Shorthand Notation: \(RemainderTen: \mathbb {N} \mapsto \{ 0, 1, 2, 3, 4, 5, 6, 7, 8, 9 \}\).

• \(RemainderTen(12) = 2\)
• \(RemainderTen(25) = 5\)
• \(RemainderTen(77) = 7\)
• \(RemainderTen(12 + 11) = 3\)
• \(RemainderTen(7 \cdot 7) = 9\)

Let the function \(L\) be defined as follows.

• Domain of \(L\) is \([-3, 4)\).
• Codomain of \(L\) is \(\mathbb {R}\).
• \(L\) pairs a number with twice the number.

First, this function is well-defined.

Shorthand Notation: \(L: [-3, 4) \mapsto \mathbb {R}\).

Fix a number \(r\) such that \(0 < r < 1\), a real number strictly between \(0\) and \(1\), and let \(R\) be a function, such that

• the domain of \(R\) is all real numbers strictly between \(0\) and \(1\)

• the codomain of \(R\) is all real numbers strictly between \(0\) and \(1\)

  \[ R : (0,1) \mapsto (0,1) \]
• \(R\) pairs a domain number with its product with \(r\), i.e. \(R(d) = d \cdot r\).

\(\blacktriangleright \) \(R\) is well-defined.

To show this, we need only recognize that the product of two real numbers can have only one value. In addition, the product of two numbers between \(0\) and \(1\) is also between \(0\) and \(1\).

\(\blacktriangleright \) \(R\) is one-to-one.

To show this, suppose \(x\) and \(y\) are two domain numbers and they have the same range partner: \(r \cdot x = r \cdot y\). Since \(r \ne 0\), we have that \(x = y\). Therefore, if two domain numbers have the same function value, then, in fact, they were not different domain numbers. They were the same domain number. i.e. a range number cannot be in more than one pair.

\(\blacktriangleright \) \(R\) is not onto.

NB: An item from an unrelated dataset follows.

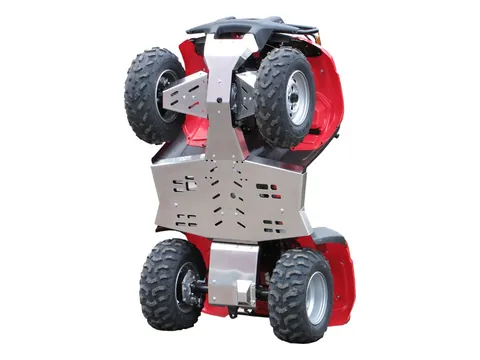 Osłony podwozia Iron Baltic Honda TRX 500 FE (2012-2013) - aluminiowe
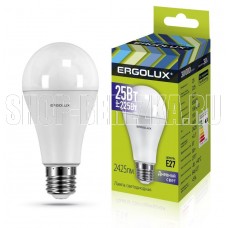 ERGOLUX (14228) LED-A65-25W-E27-6K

Idea: If you multiply \(r\) by all of the numbers in \((0,1)\), then you get the numbers \((0,r) \subset (0, 1)\).

Rigor:

If \(0 < r < 1\), then there exists \(h\), such that \(0 < r < h < 1\).

Now, suppose that \(h\) is a range number, i.e. a function value. That would mean it is partnered with some domain number. There would be a domain number \(0 < d < 1\), such that \(r \cdot d = h\).

But that would mean that \(d = \frac {h}{r}\) and \(d = \frac {h}{r} > 1\), since \(h > r\). \(d\) is not in \((0,1)\).

If \(h\) is in the range, then its domain partner is not in the domain. \(d\) is in the domain and \(d\) is not in the domain. That can’t happen, which means \(h\) must not be in the range and \(R\) is not onto.